Red Hat Advanced Cluster Management for Kubernetes (ACM) provides multi-cluster lifecycle, governance, and observability. It is built on Open Cluster Management (OCM) and exposes concepts such as ManagedClusters, Placement, and PlacementDecision. You can use ACM together with Multikueue to provide multi-cluster scheduling for batch workloads in the following way:

Cluster discovery and management — ACM discovers and manages your OpenShift (or Kubernetes) clusters as managed clusters. Those clusters can be registered as Multikueue worker clusters. So the set of workers Multikueue uses is the set of clusters you already manage with ACM (or a subset of them).
Placement-driven selection — OCM Placement selects a set of managed clusters based on predicates and priorities (e.g., region, labels, capacity). A PlacementDecision lists the chosen clusters. You can use this to decide which clusters are eligible for certain batch jobs—for example, “only GPU clusters in US-East.” With Multikueue’s External dispatching mode, an external controller can read PlacementDecisions (or ACM placement policies) and set the nominated worker clusters for each workload. Multikueue then dispatches only to those clusters, so placement and queue-based admission work together.
Single control plane — Users submit batch jobs to the manager cluster (which may be the ACM hub or a cluster that uses ACM-managed clusters as workers). Kueue and Multikueue handle queuing and cross-cluster dispatch; ACM handles cluster lifecycle, policies, and optional placement. The result is multi-cluster batch scheduling: one queue, many clusters, with capacity and placement under your control.

In practice, you configure Kueue and Multikueue on the manager, register ACM-managed clusters as Multikueue workers, and optionally wire an external dispatcher to ACM Placement so that workload placement respects your multi-cluster policies.

Summary

Kueue provides scheduling and queuing for batch workloads on Kubernetes and OpenShift by introducing a queue layer with quotas, flavors, and admission control. ClusterQueues define capacity pools and policies; LocalQueues give users a place to submit work; ResourceFlavors describe types of capacity; and admission controls when work can run. With these concepts in place, you can configure fair sharing, multi-tenant queues, and predictable behavior for HPC and batch jobs.
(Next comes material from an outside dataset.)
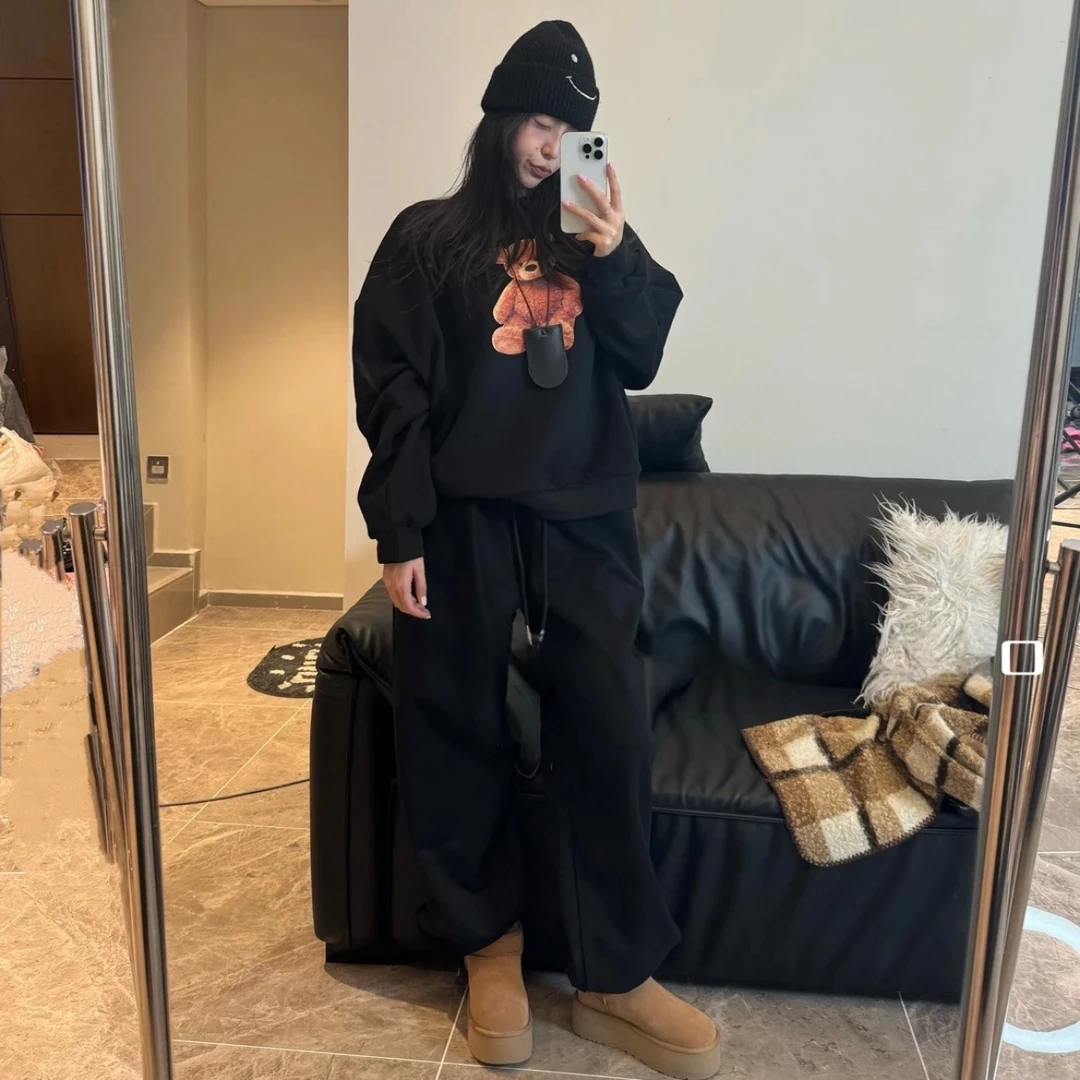 韩系颗粒绒加厚圆领印花小熊套头卫衣套装女2025冬宽松时尚两件套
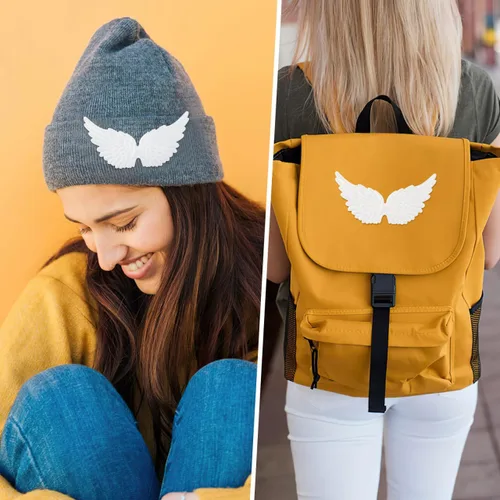 Vista 3 de Healeved 12 piezas de mini alas de ángel adornos de bricolaje alas decorativas para mochilas, accesorios de ropa, alas pequeñas creativas para Blanco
Multikueue extends Kueue to multi-cluster: a manager cluster queues and dispatches workloads to worker clusters, with dispatching modes (AllAtOnce, Incremental, or External) controlling which workers are tried. Used with Red Hat Advanced Cluster Management (ACM), Multikueue’s worker set can be your ACM-managed clusters, and optional placement-driven selection (e.g., via OCM Placement and External dispatching) gives you multi-cluster scheduling that respects both queue capacity and placement policies. Later sections in this showroom cover installing Kueue, defining queues and flavors, and integrating with job frameworks and Multikueue.